Bande dessinéeVan Hamme fait des adieux fracassants à Blake et Mortimer
Le scénariste de «XIII» et «Thorgal» signe sa dernière aventure pour les héros créés par Jacobs et n’hésite pas à «faire tout péter».
- par
- Michel Pralong
Il y a 25 ans, en 1996, Jean Van Hamme fut le premier scénariste à reprendre les aventures de Blake et Mortimer, héros créés par Edgar P. Jacobs 50 ans plus tôt. Avec Ted Benoit au dessin, il signait «L’affaire Francis Blake», album élégant qui allait totalement relancer la série.
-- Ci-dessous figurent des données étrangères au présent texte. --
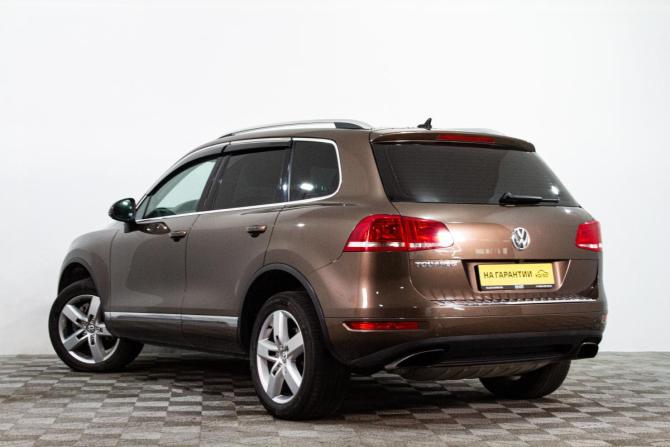 Volkswagen Touareg II с пробегом 2011 года, цена 1 799 000 рублей, 228700 км, внедорожник, Автокод Объявления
Depuis, plusieurs équipes sont attelées à la tâche pour sortir un tome par an, ce qui fait qu’il y a désormais plus de Blake et Mortimer sans Jacobs (16 sans compter celui particulier de Schuiten) qu’avec (12).
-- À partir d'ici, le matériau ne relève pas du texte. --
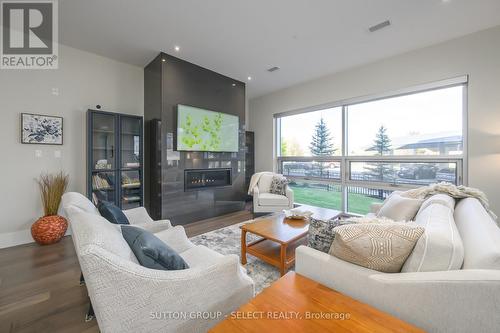 107 - 1705 Fiddlehead Place, London North (North R), ON - Indoor Photo Showing Living Room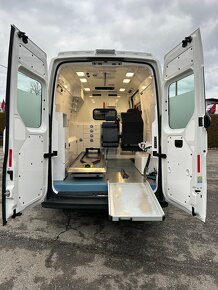 VW Crafter - 2.0 TDI Sanitné vozidlo  4x4 - 5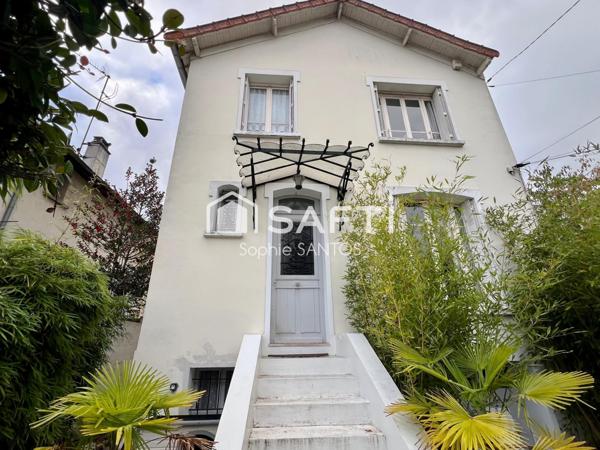 2 maisons (130 m2 + 35 m2) à 4 min à pied du RER E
Van Hamme, l’un des plus prolifiques scénaristes de BD à qui l’on doit des héros devenus des classiques, comme XIII, Thorgal ou Largo Winch, a lui-même imaginé plusieurs aventures de Blake et Mortimer, se frottant à tous les styles abordés par Jacobs. Après un premier récit d’espionnage, il penche vers la science-fiction avec «L’étrange rendez-vous», puis le mystère archéologique avec «La malédiction des trente deniers», récit en deux parties. «J’ai toujours dit que je me limiterais à trois histoires», explique l’auteur belge.
«… et j’en ai finalement écrit quatre», dit-il à l’occasion de la sortie ce 19 novembre du tome 28, «Le dernier Espadon». «Cette fois, je crois que je n’y toucherai plus!» C’est certes encore un conditionnel, mais cela semble toutefois bien être les adieux du scénariste de 82 ans aux personnages qui ont émerveillé l’enfant qu’il était.
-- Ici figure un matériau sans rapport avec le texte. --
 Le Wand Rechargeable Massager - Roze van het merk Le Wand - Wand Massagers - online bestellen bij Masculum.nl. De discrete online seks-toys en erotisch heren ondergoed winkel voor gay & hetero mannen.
«Les premières pages du «Secret de l’Espadon» m’ont terrifié»
Car Blake et Mortimer fêtent leurs 75 ans cette année et, à l’époque de leur création, Jean Van Hamme, 7 ans, découvre leur première aventure, «Le secret de l’Espadon». «C’est vraiment celui qui m’a le plus marqué, j’ai ressenti une grande émotion. C’était la première fois que je lisais une histoire aussi réaliste, bien plus réaliste que les aventures de Tintin. Les premières pages m’ont terrifié», explique-t-il dans le dossier de presse de ce nouvel album.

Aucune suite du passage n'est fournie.